Ese día Sebastian sentía que
estaba más guapa que nunca, llevaba el pelo suelto, cosa inusual, dado que
siempre se lo recogía para que no le molestara en el trabajo, desde la lejanía
donde se encontraba la buscaba a ella, su pelo, su sonrisa, sus manos en las
que relucía ese maldito anillo de felizmente casada, su mirada, no había una
igual y sabía que nunca le pertenecería, incluso se conformaba con su reflejo
en el espejo, ya no quedaba nadie en la sala, se dirigió a decirle algo bonito
pero que no sonara descarado y al iniciar la frase un escalofrío le recorrió el
cuerpo, sentía como los músculos se le agarrotaban y hasta su corazón
balbuceaba.
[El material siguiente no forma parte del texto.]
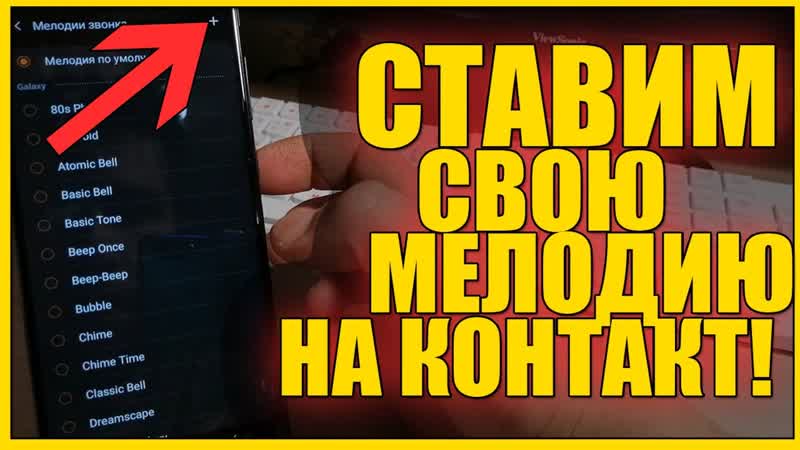 КАК на САМСУНГЕ поставить МЕЛОДИЮ на КОНТАКТ, SAMSUNG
Apenas recibió una sonrisa, para él significó mucho más de lo que
ella pensaba y lo más sorprendente es que desde entonces, Siena llevaba muchos
más días el pelo suelto, con algún que otro arreglo, pero suelto, lo que para
Sebastián significó un brillo de esperanza, sus palabras no sólo habían sido
escuchadas sino que produjeron un cambio en ella y en su mirada.